129590 NaN A blend of 60% Syrah, 30% Cabernet Sauvignon a... Shah 90 30.0 NaN NaN NaN Mike DeSimone @worldwineguys Büyülübağ 2012 Shah Red Red Blend Büyülübağ
129900 NaN This wine offers a delightful bouquet of black... NaN 91 32.0 NaN NaN NaN Mike DeSimone @worldwineguys Psagot 2014 Merlot Merlot Psagot

63 rows × 13 columns

Replacing missing values is a common operation. pandas provides a really handy method for this problem: fillna. fillna provides a few different strategies for mitigating such data.
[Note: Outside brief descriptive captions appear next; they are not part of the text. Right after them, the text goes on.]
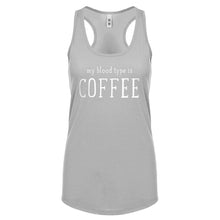My Blood Type is Coffee Womens Racerback Tank Top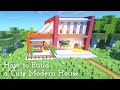 [Minecraft] How To Build A Cute Modern House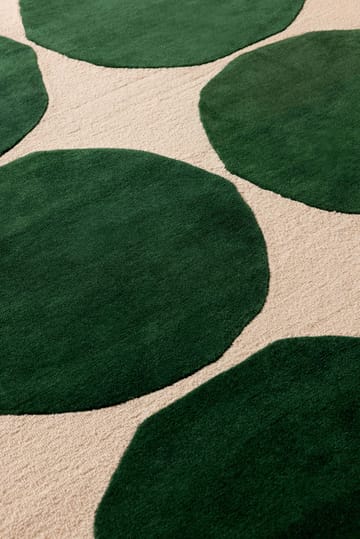 Isot Kivet villamatto - Green, 170x240 cm - Marimekko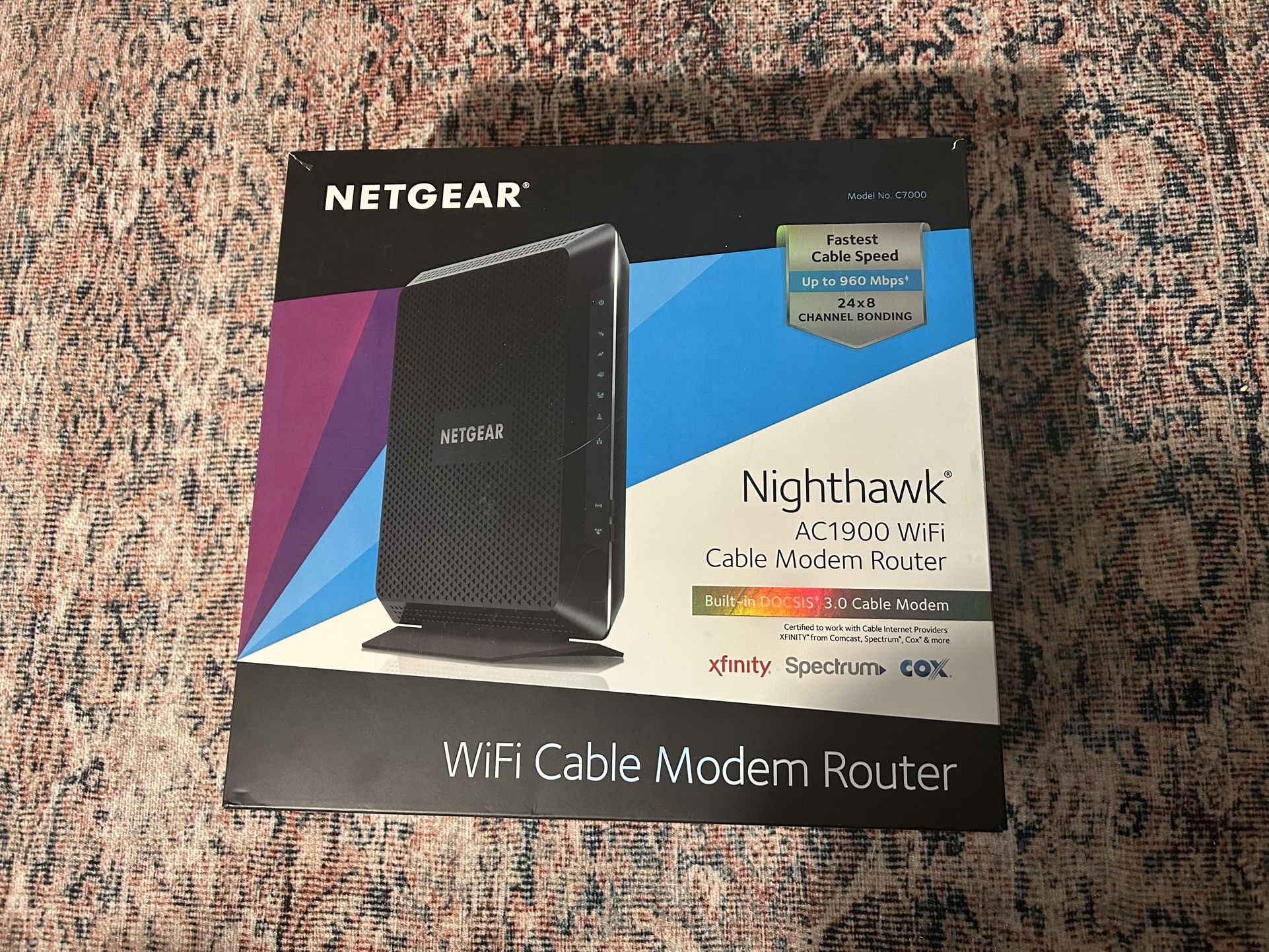 NETGEAR C7000 WiFi Cable Modem Router
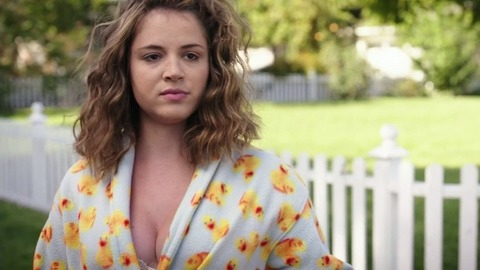 Kether Donohue in You're the Worst (2014-2019) Sexy Bath Robe Cleavage 747331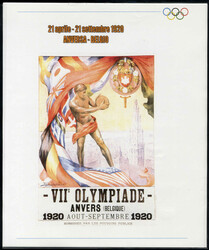 780160: Sport & Games, Olympics, 1920 Antwerp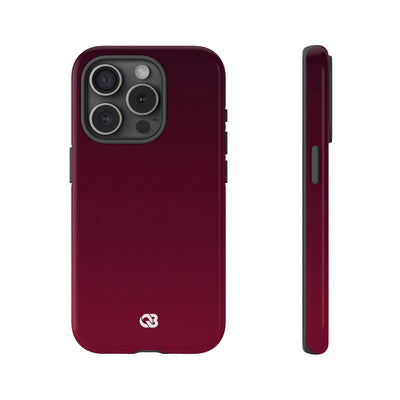 Red Tough Phone Case for iPhone - Deep Sangria Gradient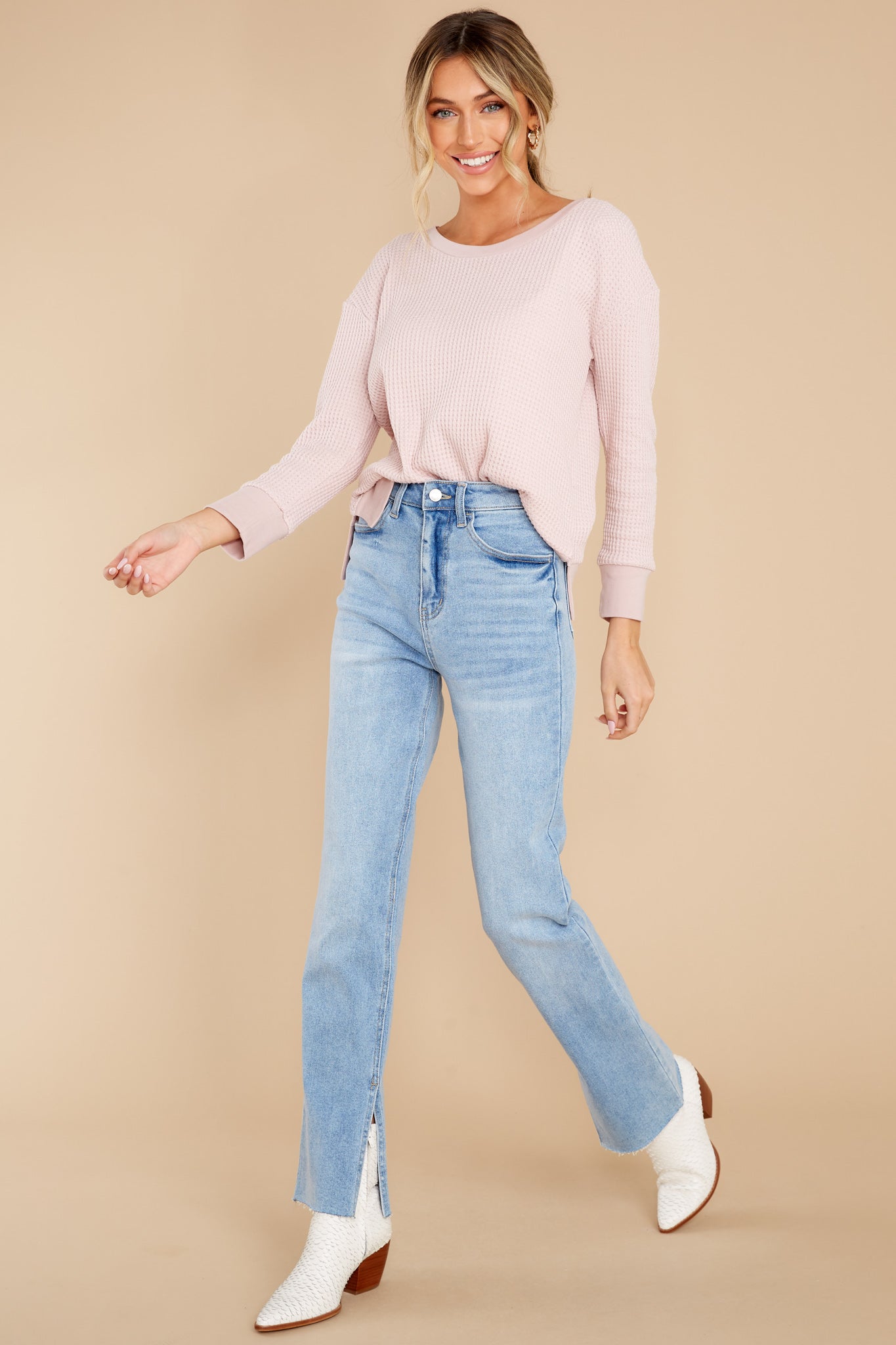 Rekindle Love Light Pink Top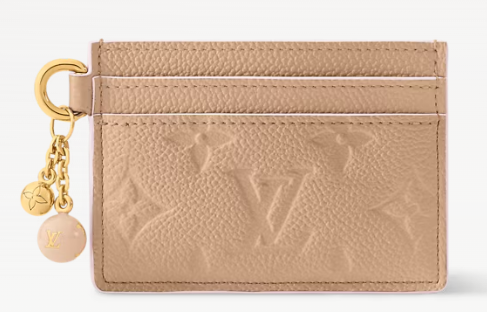 LV Charms Card Holder — Black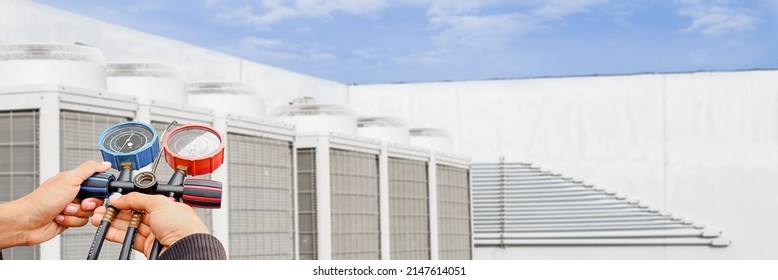 technician-checking-air-conditioning-operation-detecting-stock-photo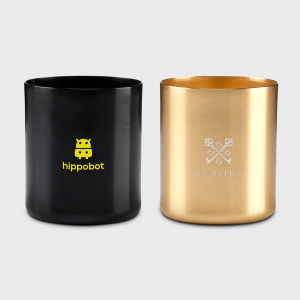 Bougie parfumée true wood Wooosh personnalisé - Bougies et lumières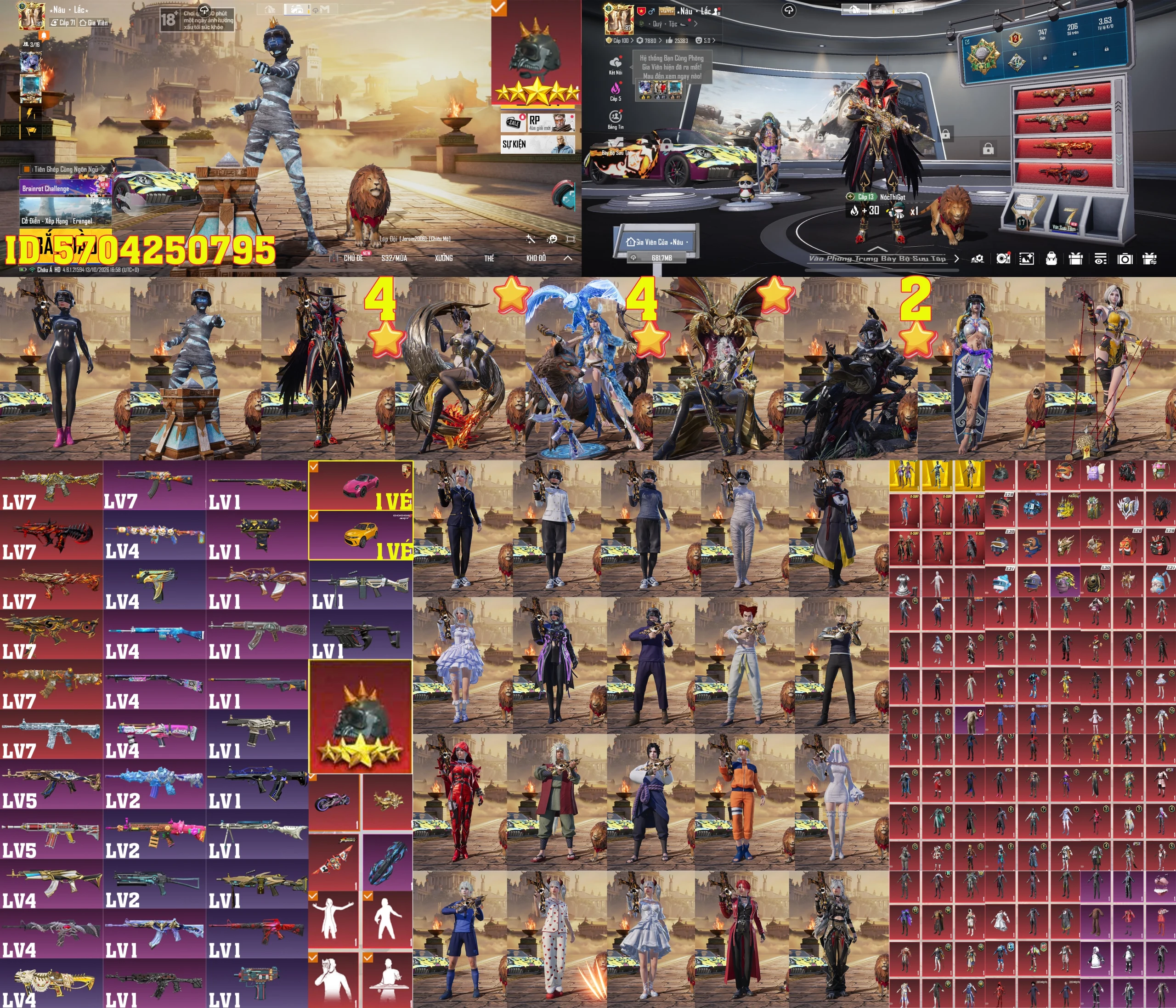 Acc PUBG Mobile mã 58521 - Trường Trần Shop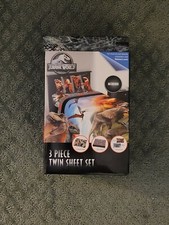 JURASSIC WORLD MICROFIBER 3PC TWIN SHEET SET  NEW 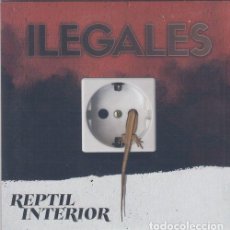 Discos de vinilo: ILEGALES - REPTIL INTERIOR / JUANCHO CANAL - SINGLE DE VINILO NUEVO A ESTRENAR. Lote 326282528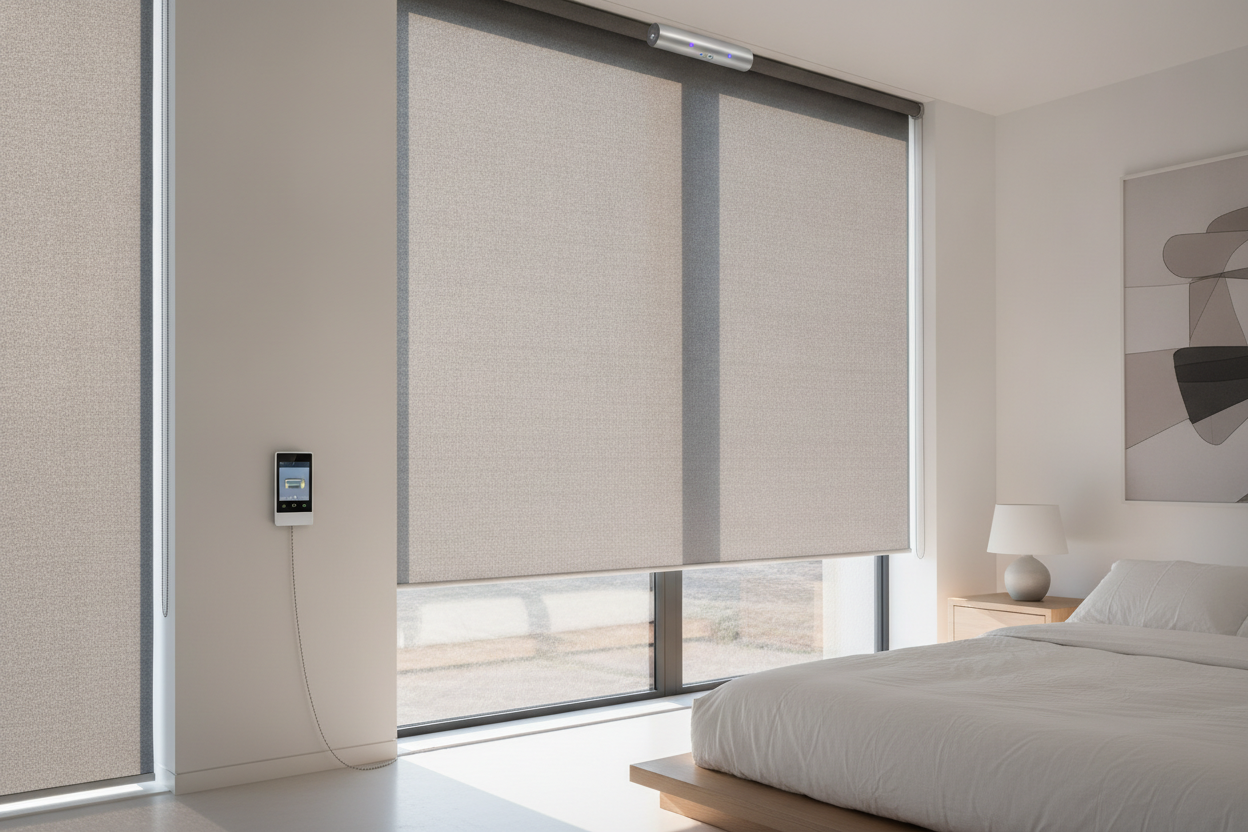 Are Fabric Pull Down Window Shades Too Heavy for Smart Motors?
For example, we can simply replace each NaN with an "Unknown":

In [7]:
reviews.region_2.fillna("Unknown")
Out[7]:
0         Unknown
1         Unknown
           ...   
129969    Unknown
129970    Unknown
Name: region_2, Length: 129971, dtype: object

Or we could fill each missing value with the first non-null value that appears sometime after the given record in the database. This is known as the backfill strategy:

fillna supports a few strategies for imputing missing values. For more on that read the official function documentation.

Alternatively, we may have a non-null value that we would like to replace. For example, suppose that since this dataset was published, reviewer Kerin O'Keefe has changed her Twitter handle from @kerinokeefe to @kerino. One way to reflect this in the dataset is using the replace method:

In [8]:
reviews.taster_twitter_handle.replace("@kerinokeefe", "@kerino")
Out[8]:
0            @kerino
1         @vossroger
             ...    
129969    @vossroger
129970    @vossroger
Name: taster_twitter_handle, Length: 129971, dtype: object

The replace method is worth mentioning here because it's handy for replacing missing data which is given some kind of sentinel value in the dataset: things like "Unknown", "Undisclosed", "Invalid", and so on.